Mengabdi di Batas Negeri (2) : Selayang Pandang Desa Batu Lintang di Kapuas Hulu

Sudah terlampau lama berselang setelah posting-an pertama tentang awal kedatangan saya di Pulau Borneo. Selama beberapa bulan ini cukup banyak rutinitas, urusan akademik di kampus, dan segunung kemalasan saya yang membuat posting-an tentang kegiatan kami di Pulau Borneo tertunda cukup lama. Alhamdulillah, kali ini saya masih bisa melanjutkan cerita, and here we go...

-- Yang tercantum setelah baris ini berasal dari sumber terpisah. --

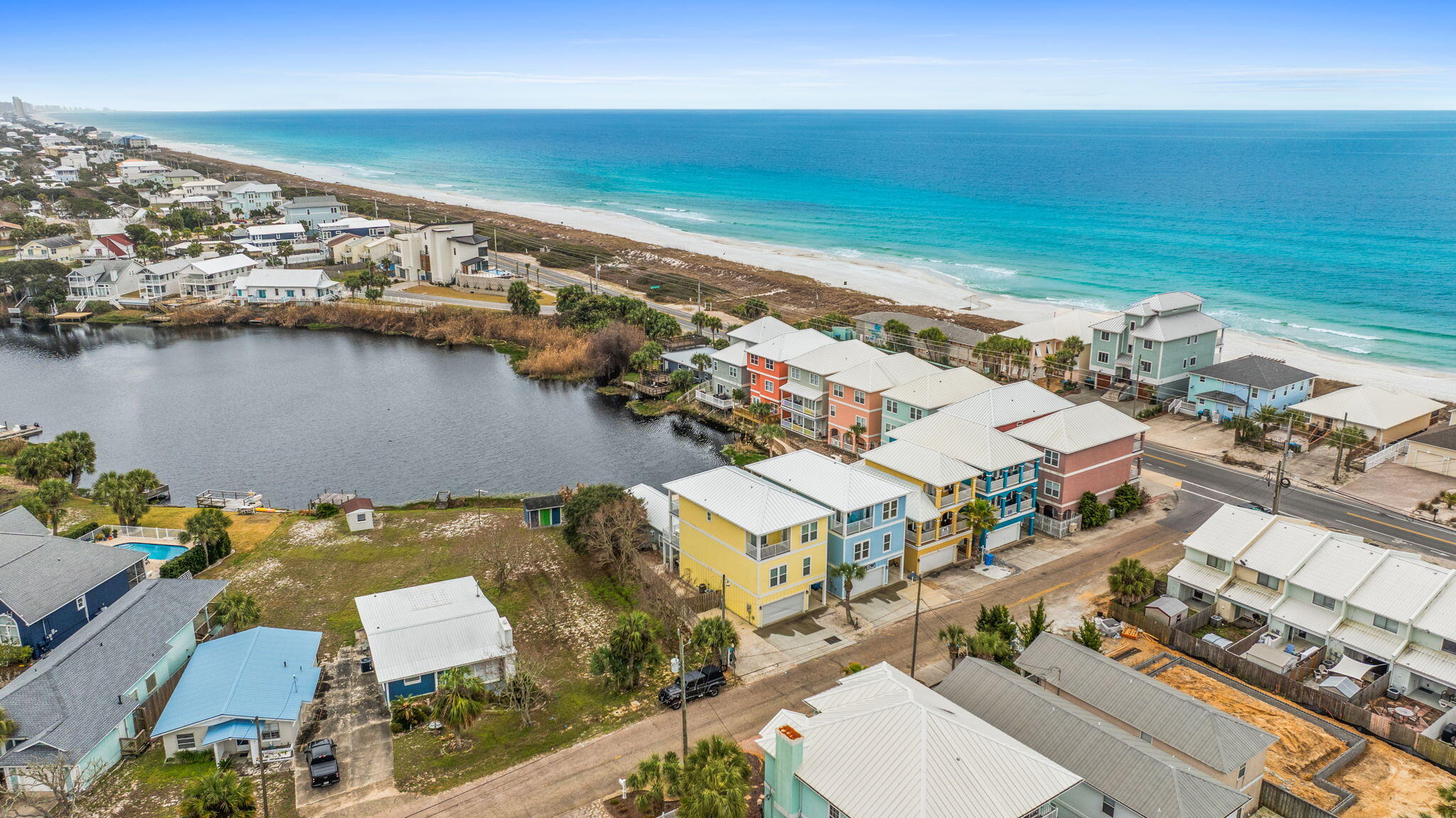 116 Riviera Drive Panama City Beach, FL 32413 - Photo 65 of 66 an aerial view of residential houses with outdoor space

Pada awal bergabung ke tim KKN ini sedikit sekali pengetahuan saya tentang Kabupaten Kapuas Hulu apalagi Desa Batu Lintang. Saya hanya tahu sedikit tentang Dusun Sungai Utik dari internet. Beberapa video tentang Dusun Sungai Utik dapat dengan mudah ditemukan di Youtube mulai dari video tentang tatto khas Suku Iban, hingga liputan dari berbagai tv swasta. Salah satu video yang membuat saya sangat penasaran dengan Sungai Utik adalah video liputan Indonesia Bagus yang ditayangkan di NET TV. Informasi lainnya terkait Kabupaten Kapuas Hulu, Kalimantan Barat saya dapat dari media internet. Pada waktu itu saya hanya tahu bahwa Kabupaten Kapuas Hulu telah ditetapkan menjadi Kabupaten Konservasi, dimana sebagian besar wilayahnya berupa bentang lahan hutan dengan tingkat keanekaragaman hayati tinggi (lihat melalui Surat Keputusan Bupati No. 144 Tahun 2003).

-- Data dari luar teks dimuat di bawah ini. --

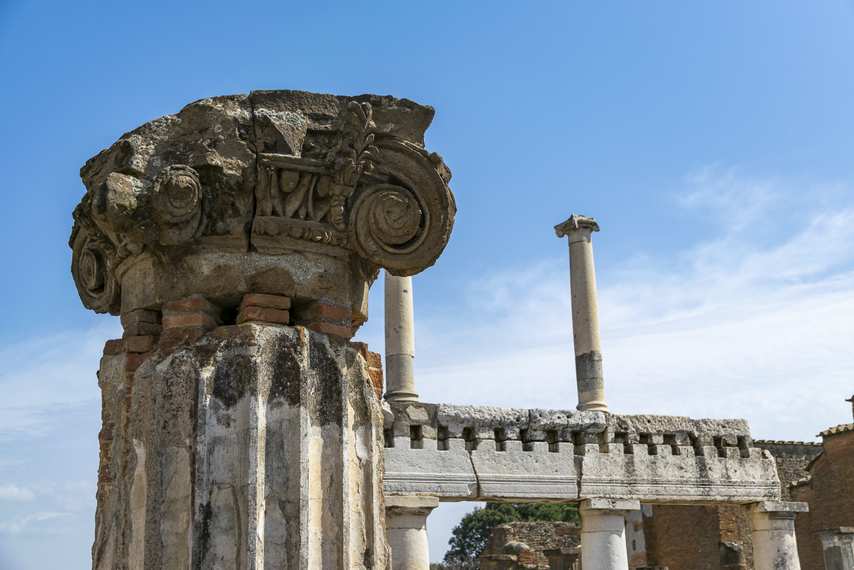 Detail of a column with an Ionic capital in the Forum of Pompeii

Salah satu liputan tentang Suku Dayak Iban di Dusun Sungai Utik yang sangat menarik untuk dinikmati


Barisan awan cantik adalah pemandangan sehari-hari dari pondokan kami
Tampak depan pondokan kami di Dusun Pulan. Sederhana.


Selamat datang di Dusun Pulan, Desa Batu Lintang

Kegiatan KKN tidak serta merta dimulai ketika kami menginjakkan kaki di Desa Batu Lintang. Kami perlu waktu sekitar satu minggu untuk melakukan observasi lapangan guna mengidentifikasi permasalahan maupun potensi yang ada secara mendetail. Hasil identifikasi ini yang kemudian kami jadikan sebagai acuan dalam menyusun program/kegiatan yang benar-benar sesuai dengan kubutuhan masyarakat. Kegiatan observasi ini juga sebagai ajang bagi kami untuk melakukan adaptasi di tengah-tengah masyarakat. Awalnya saya pun merasa adanya cultural shock diantara kami dengan masyarakat, wajar saja karena kami datang dari tempat dan adat istiadat yang berbeda, sedangkan kami harus tinggal bersama dalam satu atap serta berbaur dengan masyarakat.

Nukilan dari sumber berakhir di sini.